The Northern Echo: From The Northern Echo of October 10, 1894

The years before the First World War were a heyday of Darlington bowls. South Park won the Cleveland league for the first time in 1899, but soon left to join the Darlington & District League, formed in 1903, to cater for all the clubs exploding onto life in the town.

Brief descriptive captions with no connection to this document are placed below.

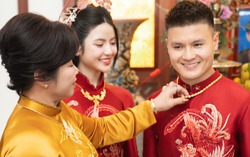 Mẹ vợ làm điều đặc biệt với Quang Hải ở lễ ăn hỏi, phản ứng của Chu Thanh Huyền mới bất ngờ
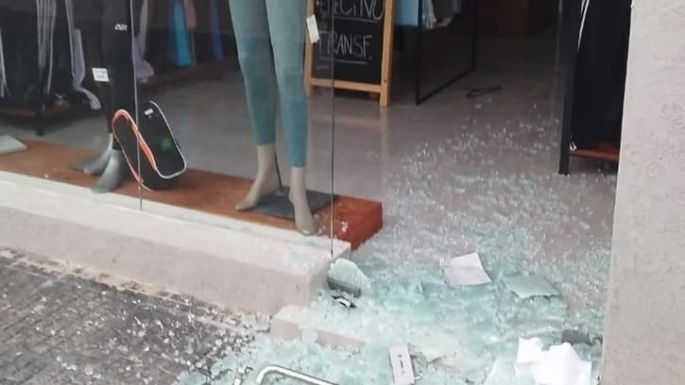 Destrozaron la puerta de un local para robar indumentaria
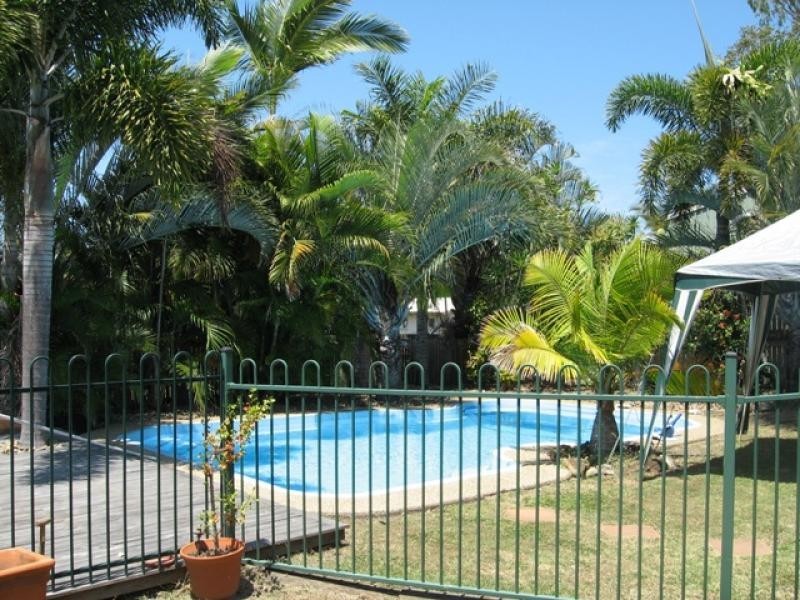 14 Woodlands Drive, Eimeo QLD 4740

Further council greens were laid in North Park (1903), North Lodge Park (1906), East Park (1908) and at Hundens and Brinkburn Dene (1920s). The Darlington Railway Athletic Bowls Club opened in 1913 and was probably the first of many workplace teams – the Post Office, Rise Carr rolling mills, Whessoe, Rothmans and Cummins were all regulars on the fixture list during the 20th Century.

The Northern Echo:

Some of the workplace teams could boast private rinks which were not dependent on council maintenance, and so in 1938 South Park signed a deal to migrate to Greylands, a mansion on Coniscliffe Road. An emergency meeting thwarted the move, but in 1947 a group did breakaway to form the Woodland Bowling Club, in a mansion (with a bar) opposite the hospital.

Deciding to stay in the public park, has helped create the club’s modern identity. It regards itself as “the people’s club in the people’s park”, open to all – you can even hire some woods from the café (when it is open) and have a roll-up.

The Northern Echo: Bowling in South Park

The virus has obviously hit the club hard, but bowls ticks many of the post-pandemic boxes of outdoor exercise on the local doorstep. Ahead of the green opening on April 12, at least 30 new members have joined up, and there are seven new men’s teams and three new women’s teams ready to go.

The club celebrated its 125th anniversary on Thursday with a Zoom presentation evening and a hope that the new season will soon explode into joyful bowling action.